Kurt Hofstetter is a graduate of the University of Natural Resources and Applied Life Sciences in Vienna. As an employee of the City of Vienna since 1991, he has been involved in various leadership functions with urban planning and development issues, including zoning and development planning as well as landscape planning for the whole of Vienna. From 2003 to 2015 he was significantly involved in the urban development of Seestadt Aspern in Vienna. He then was director of the International Building Exhibition “IBA_Vienna – New Social Housing” from 2016 to 2022, which held its final presentation in 2022. Since 2023, he has been involved in strategic projects for the City of Vienna and in International affairs on the topic of housing as an expert on housing issues. This brings a main focus to linking social objectives with the requirements of the climate crisis. Among other things, he is a member of the jury for property developer competitions and on the quality advisory board of the Vienna Housing Fund (“Wohnfonds Wien”).

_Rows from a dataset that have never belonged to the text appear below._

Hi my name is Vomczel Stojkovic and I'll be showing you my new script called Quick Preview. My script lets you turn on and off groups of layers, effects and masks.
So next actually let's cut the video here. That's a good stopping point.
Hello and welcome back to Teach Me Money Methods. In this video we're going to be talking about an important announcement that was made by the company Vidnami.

Elke Krasny is professor at the Academy of Fine Arts Vienna. Krasny’s writing and research connects spatial, urban and environmental humanities with a focus on social reproduction and dimensions of care in in architecture, urbanism, and contemporary curatorial and artistic practices. Furthermore, Krasny contributes to critical museology and practices of curating, in particular feminist and queer activism in museum curating as well as urban curating. Her exhibition Hands-On Urbanism was included in the 2012 Biennale of Architecture in Venice. Krasny co-edited Critical Care. Architecture and Urbanism for a Broken Planet with Angelika Fitz (MIT Press, 2019), Radicalizing Care. Feminist and Queer Activism in Curating (Sternberg Press 2021), Feminist Infrastructural Critique with Sophie Lingg and Claudia Lomoschitz (FKW Journal, 2024), and Abundance not Capital. The Lively Architecture of Anupama Kundoo with Angelika Fitz (MIT Press, 2025).

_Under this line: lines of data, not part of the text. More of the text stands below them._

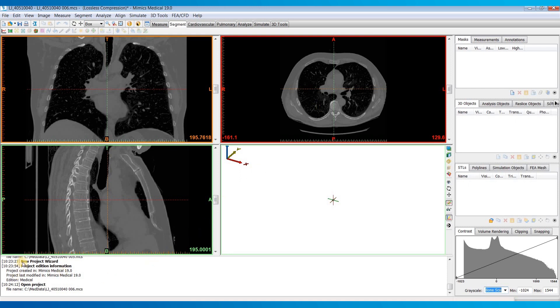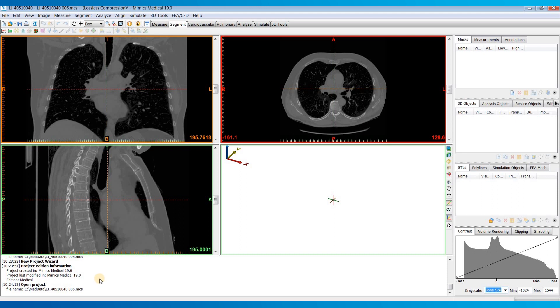Down here at the bottom is our logger which will keep track of any actions that we perform. It will also keep track of any undos that you do. So inevitably you might make a mistake, and as you hit CTRL Z or the undo button it will let you know which action you're actually undoing, just to make sure you're not undoing something that you actually don't want to.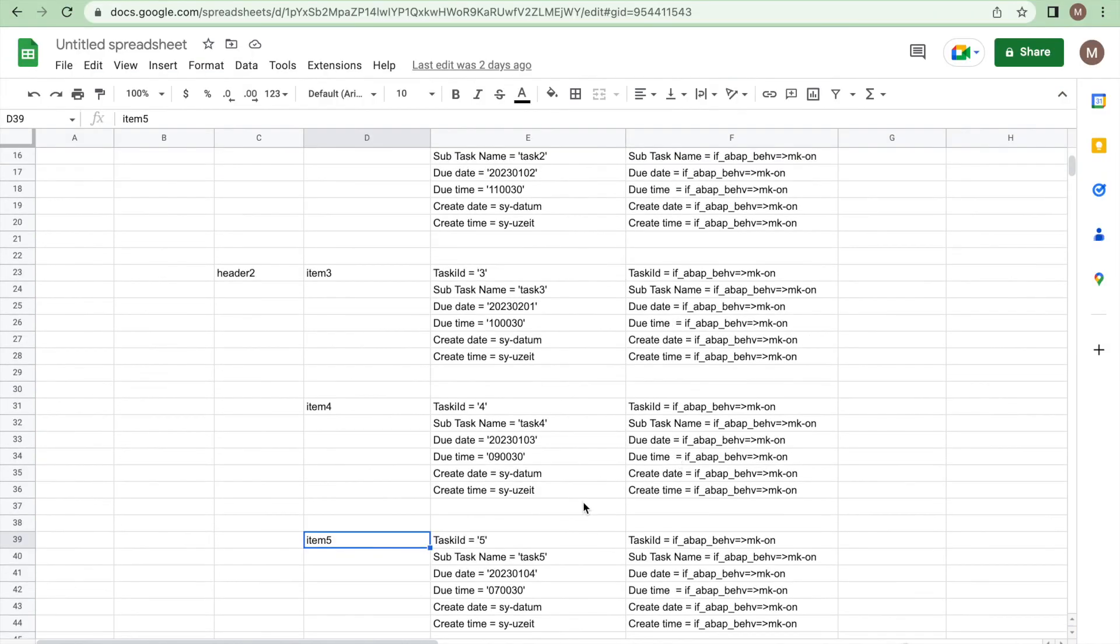I hope you got a clear understanding about how data needs to be populated for the create and create by association EML. Let's see a quick example.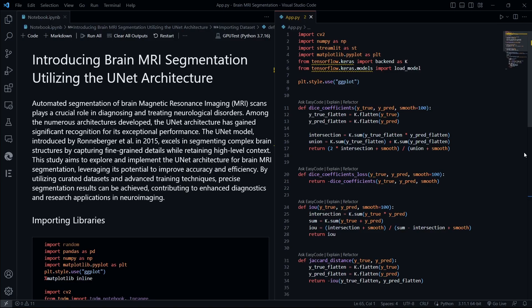For those interested in the code behind this implementation, I will now provide a code preview. In the description below you can find a link to the GitHub repository where I have uploaded the complete code.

Verena von Beckerath is an architect based in Berlin and a co-founder of the architecture practice Heide & von Beckerath. She studied sociology, art history and psychology in Paris and Hamburg and architecture at Technische Universität Berlin. She was teaching and research assistant at Universität der Künste Berlin and visiting professor at Technische Universität Braunschweig and Cornell University. Verena von Beckerath held a fellowship at the Akademie Schloss Solitude in Stuttgart and was a recipient of the Rome Prize at the German Academy in Rome Villa Massimo. Since 2016, she has been a professor of architecture at Bauhaus-Universität Weimar where she holds the Chair of Design and Housing.

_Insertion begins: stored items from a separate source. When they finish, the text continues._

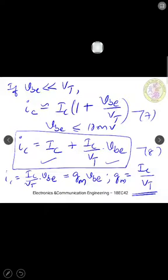The transconductance gm is the ratio of DC collector current IC to thermal voltage Vt. At IC equal to 1 milliampere, gm is approximately 40 milliamperes per volt. The small signal approximation means we keep the signal amplitude sufficiently small so that the entire amplifier operation is restricted to the linear segment of the IC versus Vbe exponential curve.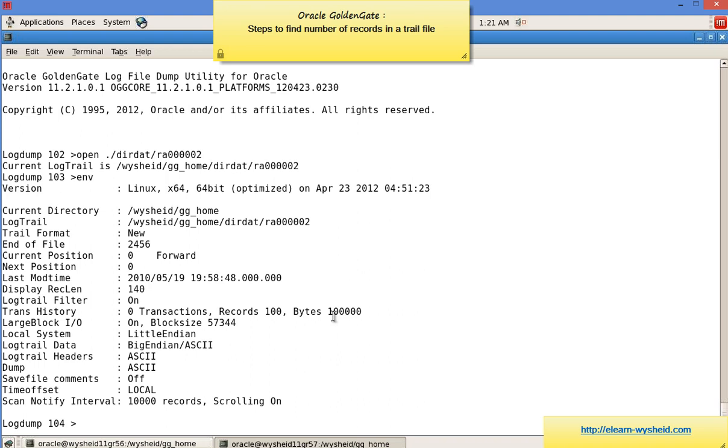Now let's issue a command called count. Count displays the number of records in a trail file. I'll issue the command count.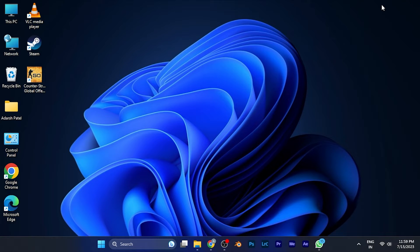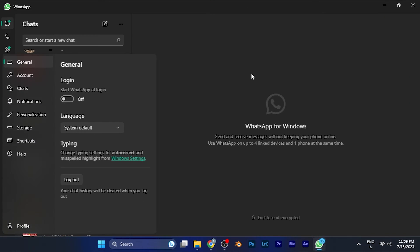You can find the software on the Microsoft Store where it's available for free. To change the chat wallpaper, simply open WhatsApp, log in, and on the left bottom corner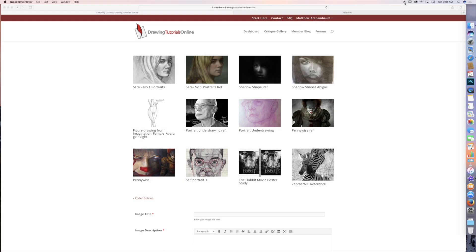Hi everyone, this is Matt from DrawingTutorialsOnline.com. We've got a really cool video critique for you to watch.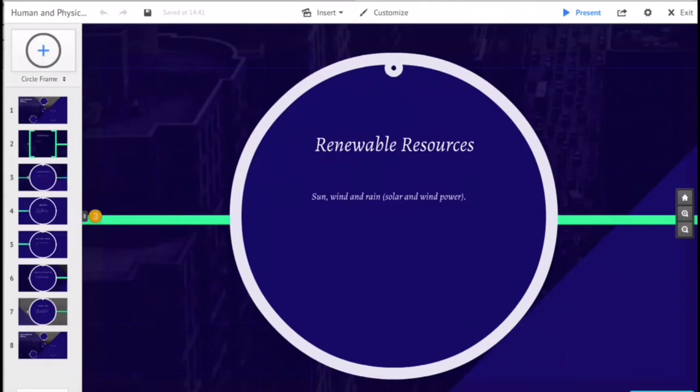Renewable resources such as the sun, wind, and rain are renewable, and therefore solar and wind power are considered sustainable energy generators.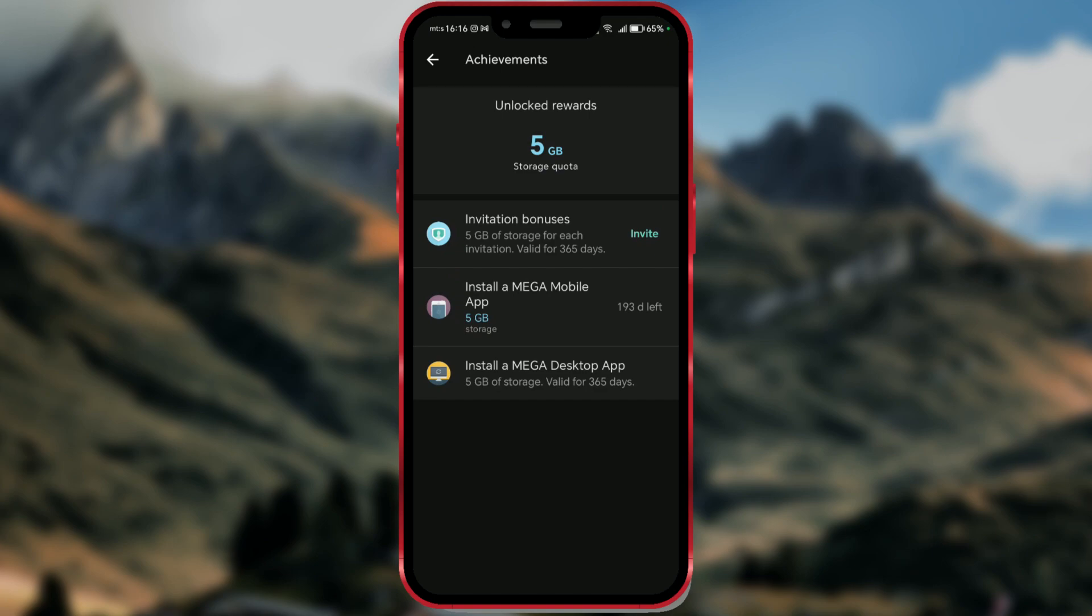For example, if you invite 10 friends and each one accepts the invitation, you'll get 50GB of storage. That's great!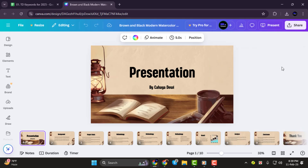And that's it. Now you know how to record your Canva presentation with ease. Thanks for watching and I'll see you in the next video.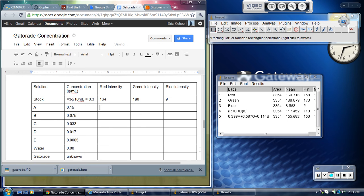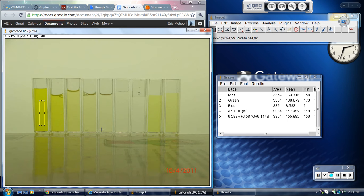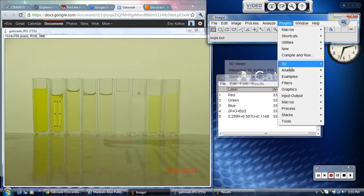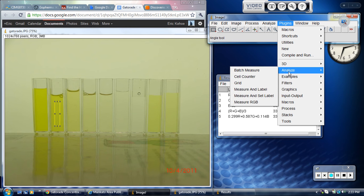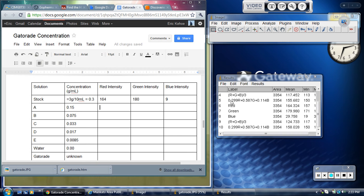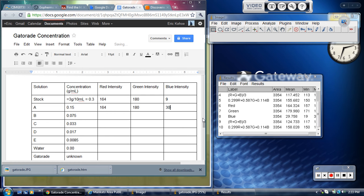Then I'm going to take and I'm going to move my box. Try to keep your box the same size by clicking the middle, just drag it on to the next sample. Again, go Plugins, Analyze, Measure RGB, and it will give you a new set of values. Now you can see my red value here is 164 still. My green value is still about 180, and now my blue value is about 30. You don't expect the red and the green intensity to change much because something that's yellow is letting red and green light through and it's absorbing blue. So the more yellow it is, the more blue gets absorbed. And the less yellow it is, the less blue gets absorbed.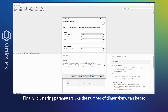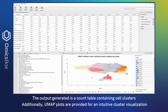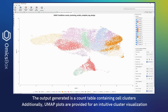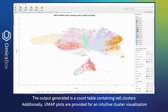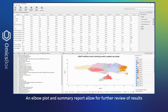The output generated is a count table containing cell clusters. Additionally, UMAP plots are provided for an intuitive cluster visualization. An elbow plot and summary report allow for further review of the results.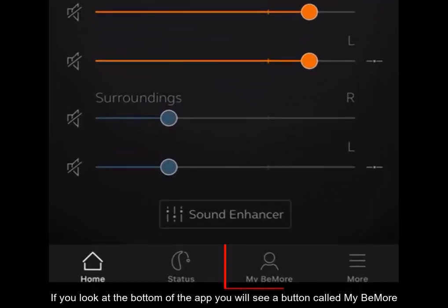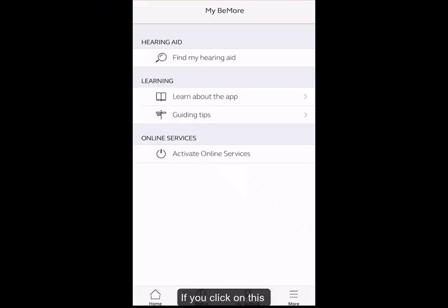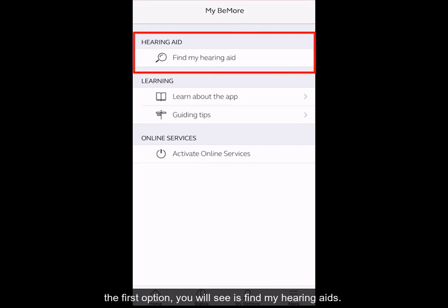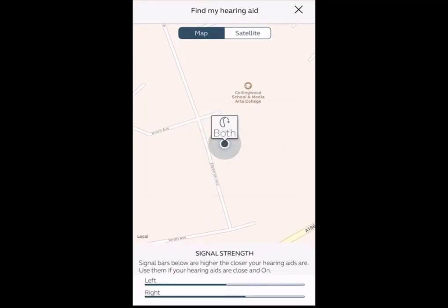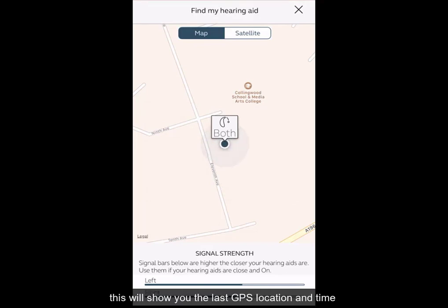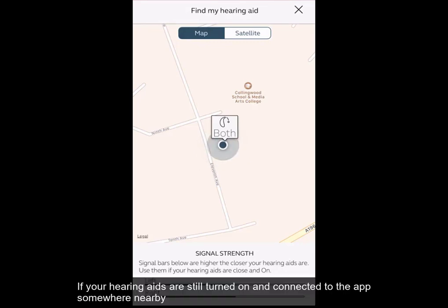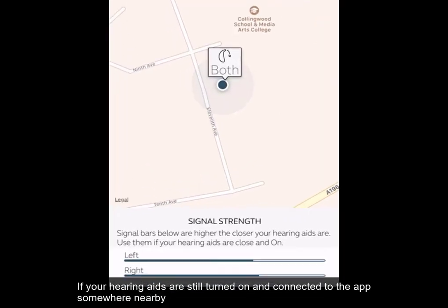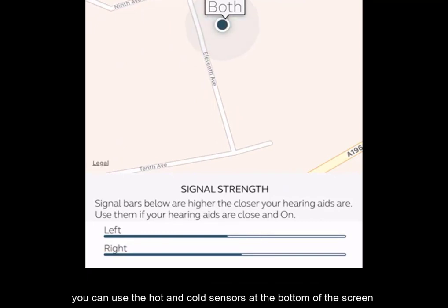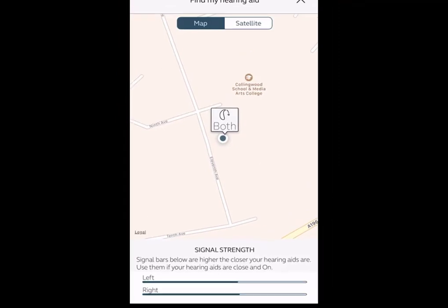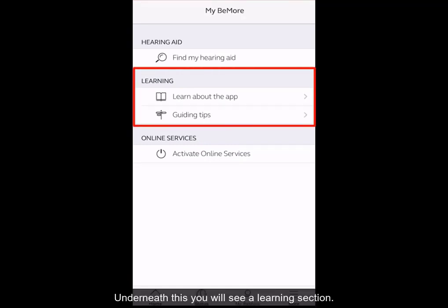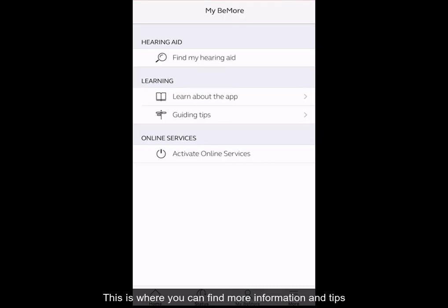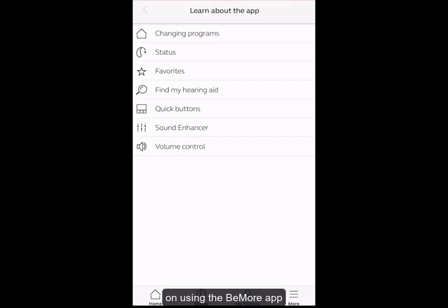If you look at the bottom of the app, you will see a button called My Be More. If you click on this, the first option you will see is Find My Hearing Aid. If you click on this, you will see two different options. The first is a map — this will show you the last GPS location and time that your hearing aids were turned on and actively connected to the Be More app. If your hearing aids are still turned on and connected to the app somewhere nearby, you can use the hot and cold sensors at the bottom of the screen to find your hearing aids. If you then click on the cross in the top right hand corner of the screen, you will come back to the menu. Underneath this, you will see a learning section, which is where you can find more information and tips on using the Be More app.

Tim Heide is an architect based in Berlin and a co-founder of the architecture practice Heide & von Beckerath. He studied design at Universität der Künste Berlin and graduated in architecture at Technische Universität Berlin. He has held teaching positions at Berliner Hochschule für Technik and Potsdam School of Architecture and was a professor of architecture at Technische Universität Berlin where he led the Chair of Design and Building Construction. Tim Heide was visiting professor at Cornell University and lectures extensively throughout Germany and abroad. From 2019 until 2024, he has been serving as chairman of the board of the Deutscher Werkbund Berlin.

Heide & von Beckerath is an architecture practice based in Berlin. Applying both conceptual and rational thinking, their projects are informed by structural and formal clarity. The range of work covers urban design, architecture, interior design and research. In treating every project in its formal, cultural and social dimensions as a whole, the studio collaborates with other architects and specialists where appropriate. Their work is widely and internationally exhibited and published and has received numerous prestigious awards.